Where the line containing "3. ábra: Amistar" appears below, begin there and reproduce each line exactly through the last one, omitting pictures.
####################
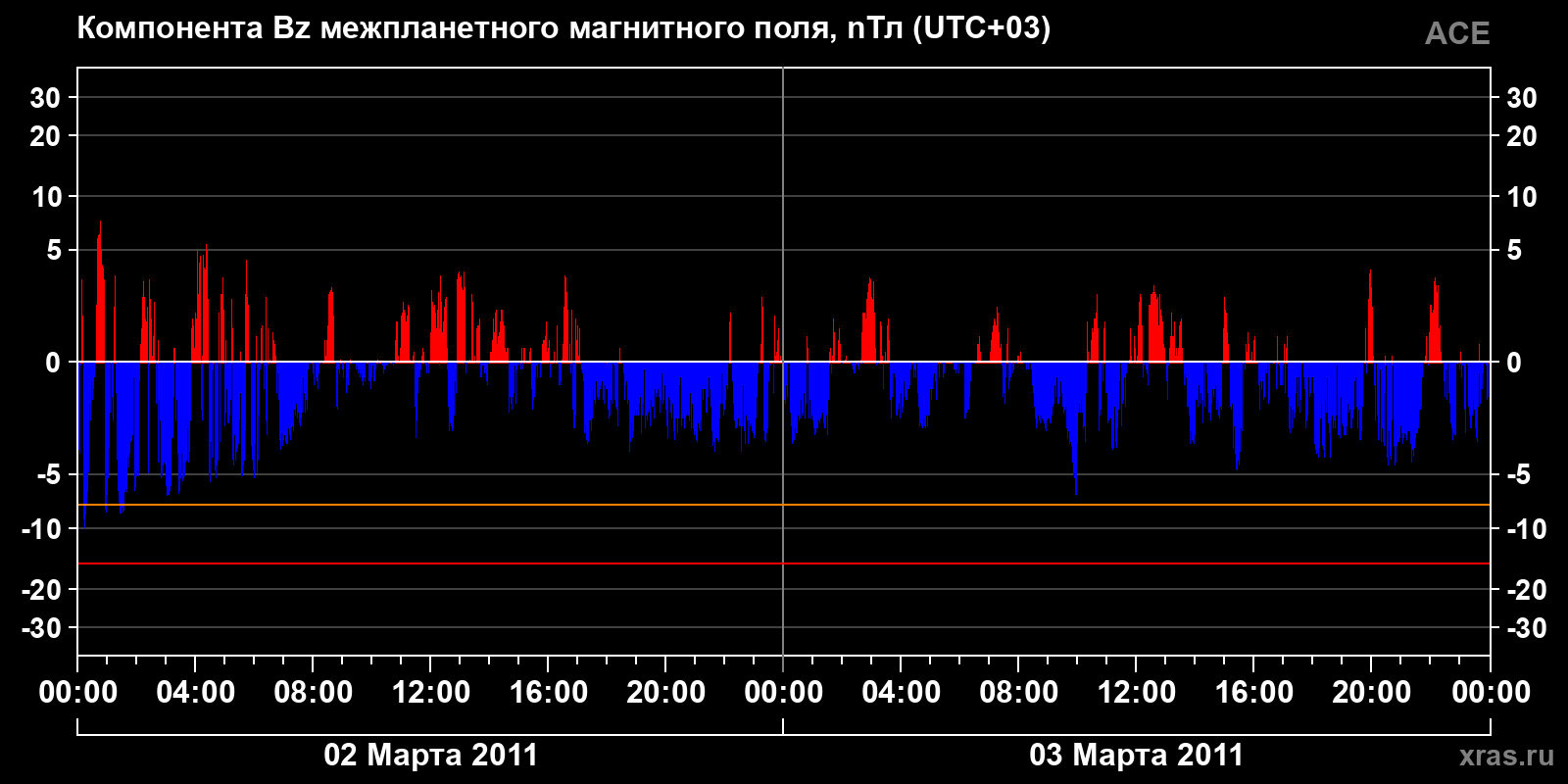 Компонента Bz межпланетного магнитного поля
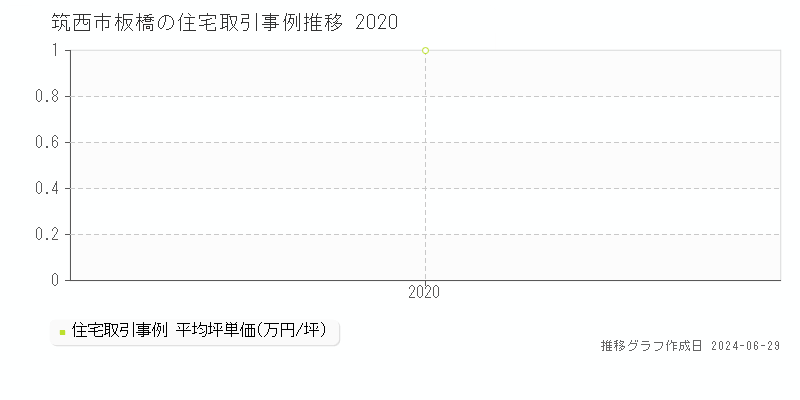 筑西市板橋の住宅取引事例推移グラフ 
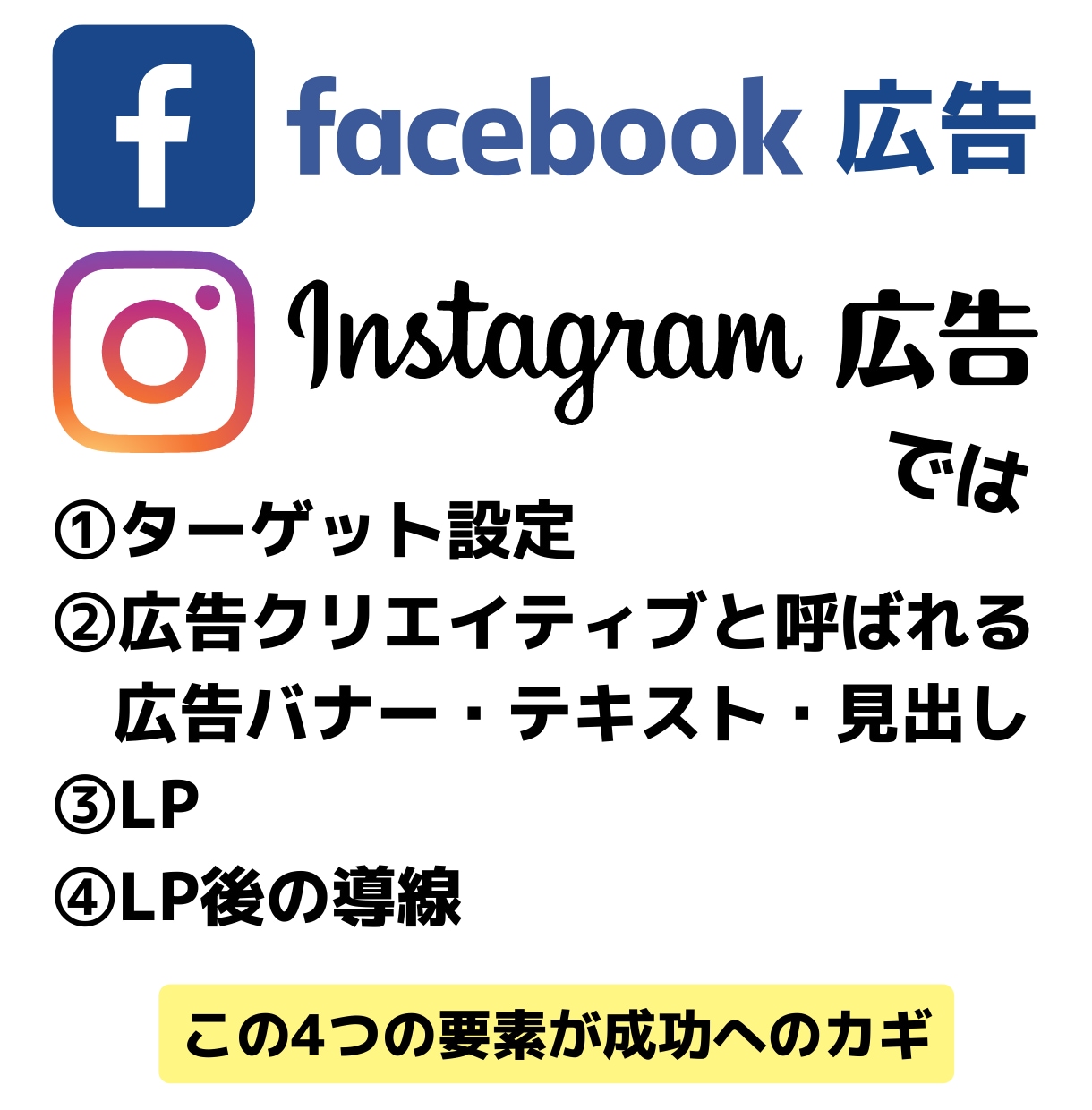 広告の画像(バナー)とテキスト作成します クリエイティブ作成でお困りの方へ イメージ2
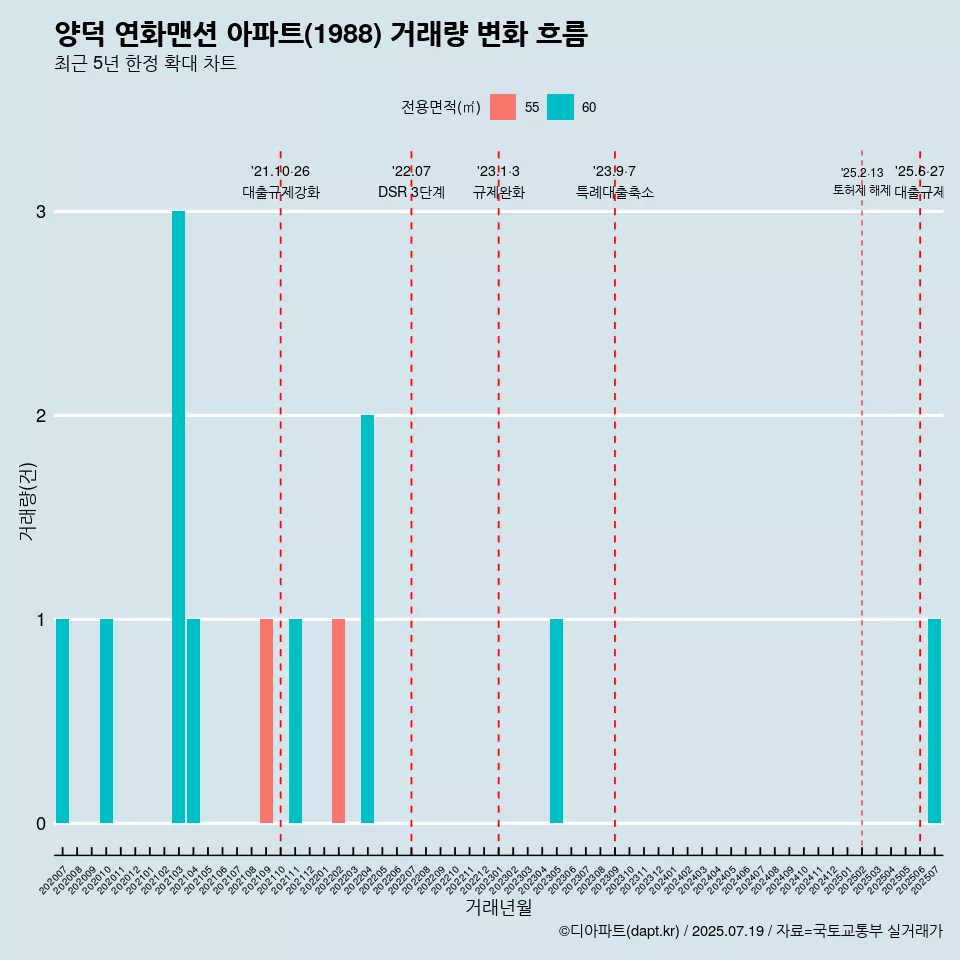 양덕 연화맨션 아파트(1988) 거래량 변화 흐름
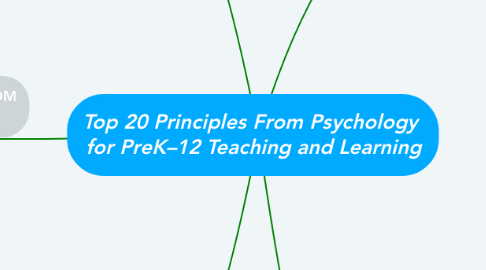 Mind Map: Top 20 Principles From Psychology  for PreK–12 Teaching and Learning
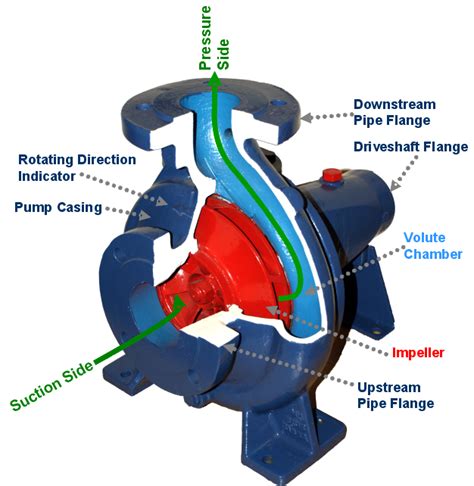 centrifugal pump wikipedia|characteristics of a centrifugal pump.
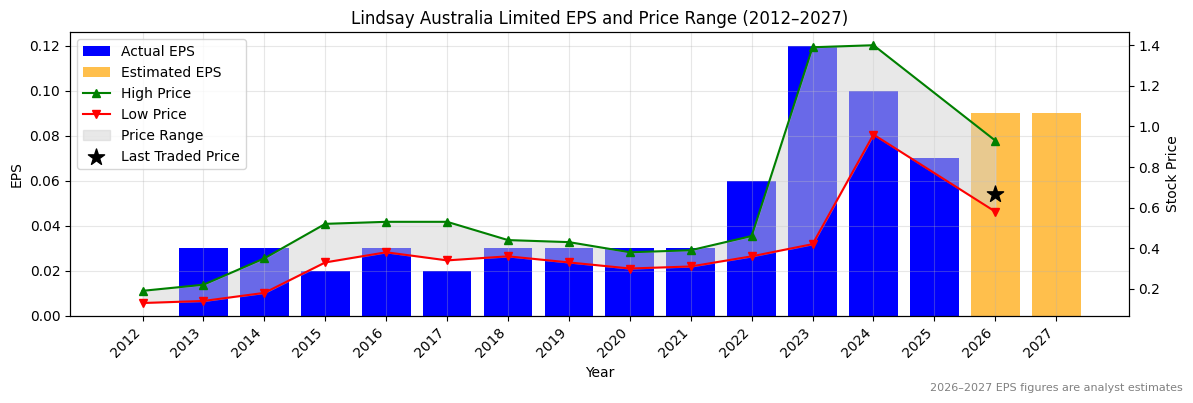 Lindsay Australia Limited (LAU) Normalised EPS Chart (2012–2027)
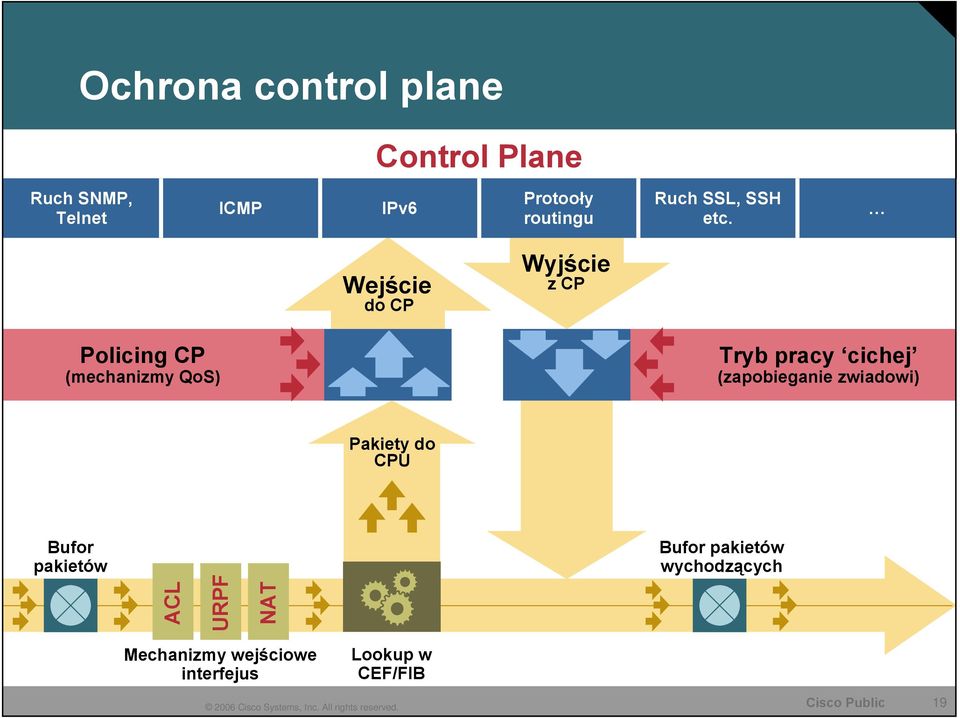 Wejście do CP Wyjście z CP Policing CP (mechanizmy QoS) Tryb pracy cichej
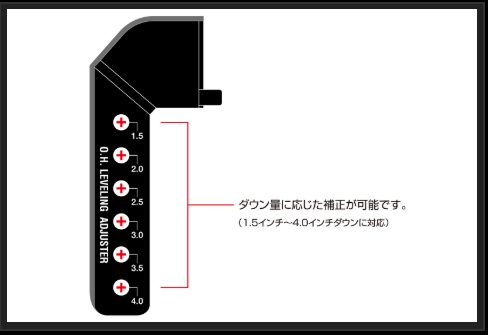 ハイエース 200系 玄武 O.H.レベリングアジャスター SDBDHH Genb ゲンブ MOONFACE ムーンフェイス HIACE｜ktspartsshop｜03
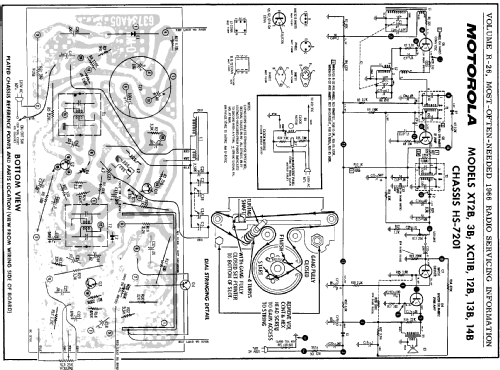XC12B Ch= HS-7201; Motorola Inc. ex (ID = 197338) Radio
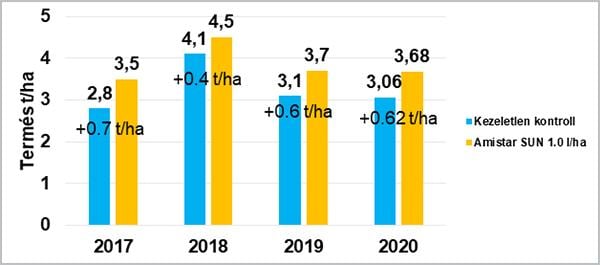 3. ábra: Amistar SUN hatása a terméshozamra (forrás: Syngenta fejlesztői kísérletek, 2017-2020, n=8, kezelés ideje: 6-8 pár leveles BBCH 17 és csillagbimbós állapot vége-virágzás előtt BBCH 59)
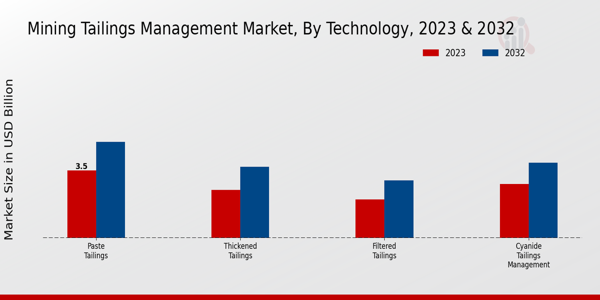 Mining Tailings Management Market Technology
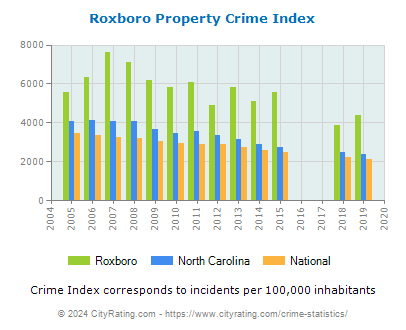 Roxboro Property Crime vs. State and National Per Capita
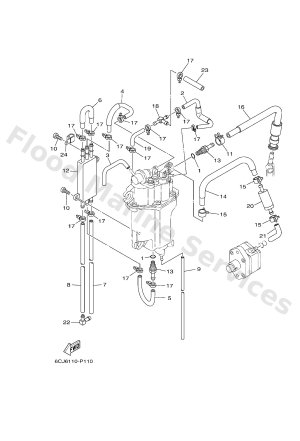 Diagram for FUEL INJECTION PUMP 2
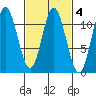 Sulzer tide chart for Wednesday, March 4, 2026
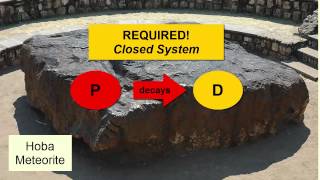 Radiometric Dating [upl. by Amorete792]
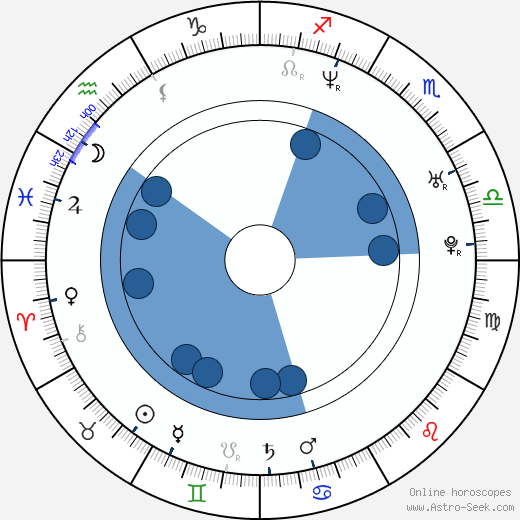 Keram Malicki-Sánchez wikipedia, horoscope, astrology, instagram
####################
:: Exercise output ::
 3. ábra: Amistar SUN hatása a terméshozamra (forrás: Syngenta fejlesztői kísérletek, 2017-2020, n=8, kezelés ideje: 6-8 pár leveles BBCH 17 és csillagbimbós állapot vége-virágzás előtt BBCH 59)
 Mining Tailings Management Market Technology
 Roxboro Property Crime vs. State and National Per Capita
 Diagram for FUEL INJECTION PUMP 2
 Sulzer tide chart for Wednesday, March 4, 2026
 Radiometric Dating [upl. by Amorete792]
 Keram Malicki-Sánchez wikipedia, horoscope, astrology, instagram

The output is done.